幼い頃から培ってきた関係は人に強要されようが断ち切れるものではない。
ピリピリと肌を指す視線を受けながら、そんな無理な申し出に困惑する私に追い討ちを掛ける言葉が降り注いだ。
「俺とアイツと、どっちが大事なんだい!?」
「……ぇ」
「いいから、俺の言う事聞けよい。アイツとはもう会うな」
「…先輩は?じゃぁ、マルコ先輩は私と…家族や友達と…どっちが大事ですか?」
「あ?んなもん家族達に決まってんだろい」
「なっ…」
「もう会うなよい、返事は?」
「…って」
「あ?」
「私だってマルコ先輩より幼なじみの方が大事ですよ!」
「は?あ、おいっ」
何の戸惑いもなく私を切り捨てた素直と言うより無神経な返答に、一気に頭に血が上ってしまい反発する様に偽りの言葉を投げ家へと駆け込んだ。

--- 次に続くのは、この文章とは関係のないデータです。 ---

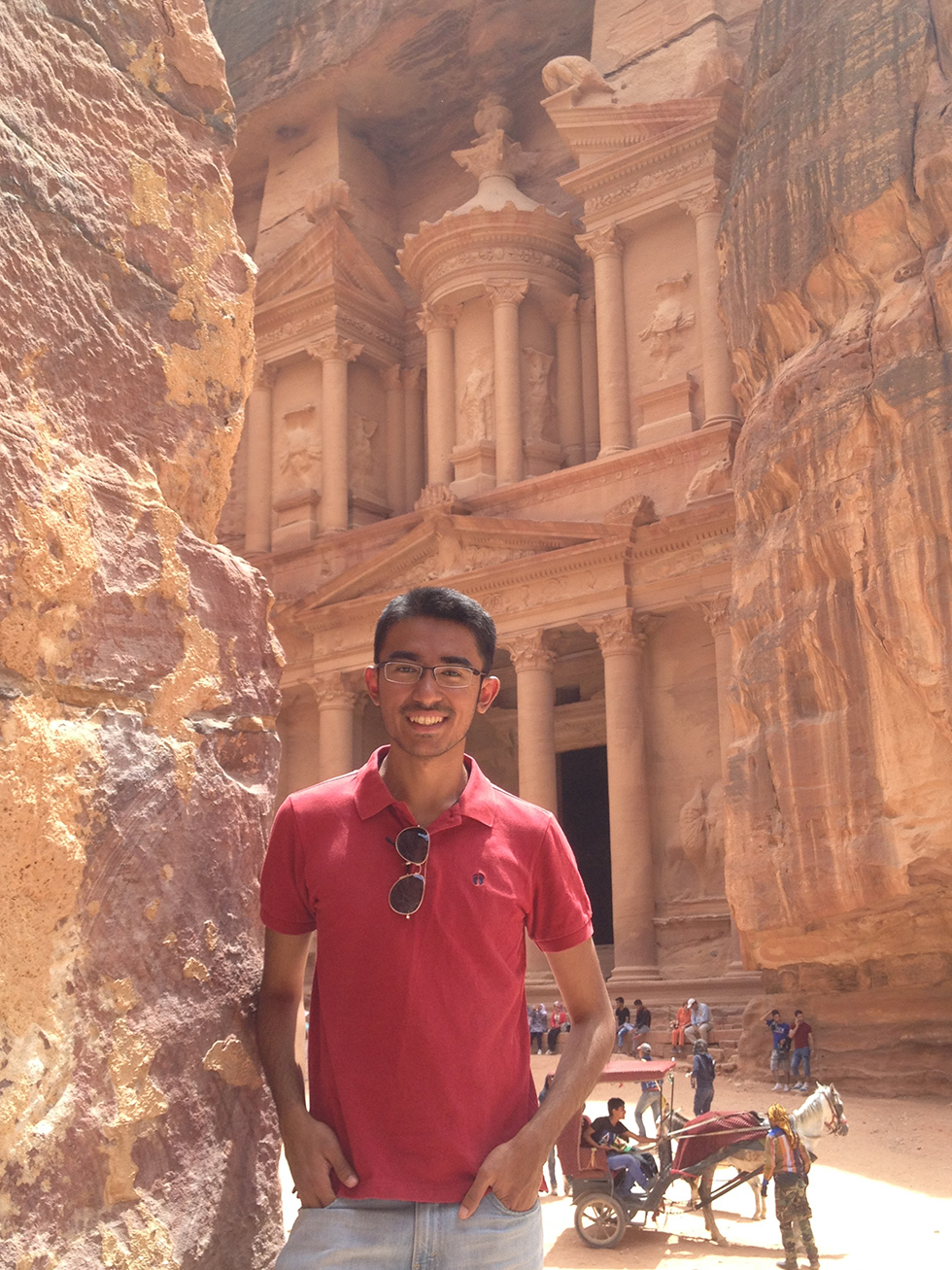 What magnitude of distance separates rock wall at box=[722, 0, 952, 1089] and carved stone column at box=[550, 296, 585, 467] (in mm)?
16100

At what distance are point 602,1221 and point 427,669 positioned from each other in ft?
26.2

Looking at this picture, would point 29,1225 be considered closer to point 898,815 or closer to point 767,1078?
point 898,815

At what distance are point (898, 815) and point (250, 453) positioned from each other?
25.4 metres

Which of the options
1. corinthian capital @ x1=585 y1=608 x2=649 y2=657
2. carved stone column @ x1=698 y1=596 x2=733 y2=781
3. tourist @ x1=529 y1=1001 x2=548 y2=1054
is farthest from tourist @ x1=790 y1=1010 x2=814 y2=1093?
corinthian capital @ x1=585 y1=608 x2=649 y2=657

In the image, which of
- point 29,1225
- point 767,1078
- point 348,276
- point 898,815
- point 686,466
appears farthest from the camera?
point 348,276

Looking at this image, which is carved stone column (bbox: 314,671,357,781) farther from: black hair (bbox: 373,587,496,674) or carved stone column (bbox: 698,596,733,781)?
black hair (bbox: 373,587,496,674)

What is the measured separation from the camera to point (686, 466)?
82.5 feet

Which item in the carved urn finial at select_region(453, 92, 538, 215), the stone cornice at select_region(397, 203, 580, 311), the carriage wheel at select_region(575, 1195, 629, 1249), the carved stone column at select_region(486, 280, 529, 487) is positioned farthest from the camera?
the carved urn finial at select_region(453, 92, 538, 215)

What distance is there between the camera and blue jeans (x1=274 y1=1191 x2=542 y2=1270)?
1.95 metres

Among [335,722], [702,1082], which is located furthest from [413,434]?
[702,1082]

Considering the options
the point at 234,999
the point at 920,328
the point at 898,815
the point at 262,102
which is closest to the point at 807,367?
the point at 920,328

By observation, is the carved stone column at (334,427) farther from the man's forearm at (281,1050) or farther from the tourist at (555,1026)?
the man's forearm at (281,1050)

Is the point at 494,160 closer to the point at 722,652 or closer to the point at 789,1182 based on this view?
the point at 722,652

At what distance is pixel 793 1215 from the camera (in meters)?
8.04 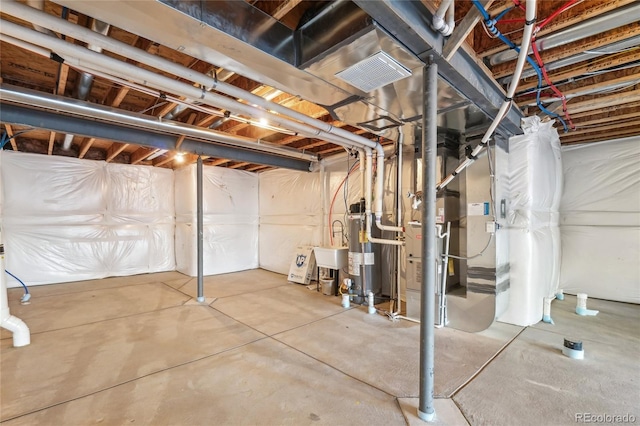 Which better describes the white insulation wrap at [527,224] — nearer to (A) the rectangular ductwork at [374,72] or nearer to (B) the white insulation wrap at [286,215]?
(A) the rectangular ductwork at [374,72]

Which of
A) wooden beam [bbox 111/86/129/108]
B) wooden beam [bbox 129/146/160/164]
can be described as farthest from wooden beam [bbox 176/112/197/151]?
wooden beam [bbox 129/146/160/164]

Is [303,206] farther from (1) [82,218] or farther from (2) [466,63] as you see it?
(1) [82,218]

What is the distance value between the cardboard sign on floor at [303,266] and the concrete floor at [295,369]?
1297 millimetres

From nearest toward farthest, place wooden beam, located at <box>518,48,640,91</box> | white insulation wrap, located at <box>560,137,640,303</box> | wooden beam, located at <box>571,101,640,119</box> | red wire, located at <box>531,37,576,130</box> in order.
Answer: red wire, located at <box>531,37,576,130</box> → wooden beam, located at <box>518,48,640,91</box> → wooden beam, located at <box>571,101,640,119</box> → white insulation wrap, located at <box>560,137,640,303</box>

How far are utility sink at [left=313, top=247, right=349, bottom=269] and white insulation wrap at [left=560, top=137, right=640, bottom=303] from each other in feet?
10.9

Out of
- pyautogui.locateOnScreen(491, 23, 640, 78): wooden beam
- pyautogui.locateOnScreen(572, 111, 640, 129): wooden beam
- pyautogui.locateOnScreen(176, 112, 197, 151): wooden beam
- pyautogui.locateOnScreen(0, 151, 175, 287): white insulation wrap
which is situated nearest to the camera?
pyautogui.locateOnScreen(491, 23, 640, 78): wooden beam

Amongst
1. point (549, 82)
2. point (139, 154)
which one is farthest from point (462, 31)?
point (139, 154)

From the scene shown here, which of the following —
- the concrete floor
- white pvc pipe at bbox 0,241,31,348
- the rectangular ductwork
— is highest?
the rectangular ductwork

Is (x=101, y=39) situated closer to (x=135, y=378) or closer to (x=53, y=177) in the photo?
(x=135, y=378)

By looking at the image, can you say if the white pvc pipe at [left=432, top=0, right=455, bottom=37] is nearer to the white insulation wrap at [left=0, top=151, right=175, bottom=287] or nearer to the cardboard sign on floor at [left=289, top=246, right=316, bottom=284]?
the cardboard sign on floor at [left=289, top=246, right=316, bottom=284]

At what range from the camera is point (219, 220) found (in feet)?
18.6

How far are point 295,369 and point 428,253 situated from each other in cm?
136

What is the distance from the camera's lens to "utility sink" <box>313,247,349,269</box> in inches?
165

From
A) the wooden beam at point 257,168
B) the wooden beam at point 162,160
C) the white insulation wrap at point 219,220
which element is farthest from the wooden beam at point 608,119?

家族や友達を天秤に掛けるなんて間違っているとわかっていたが、言わずにはいられなかった。
相手を想う心があれば、せめて対等、偽りでも恋人を選ぶのが優しさなんじゃないかと思う。
それをああも簡単に格付けしたマルコ先輩に、戸惑いよりも彼の中に居る私と言う存在がどれ程の物なのかを思い知らされた気がして、再び彼の気持ちに疑心が立ち込めたのだった。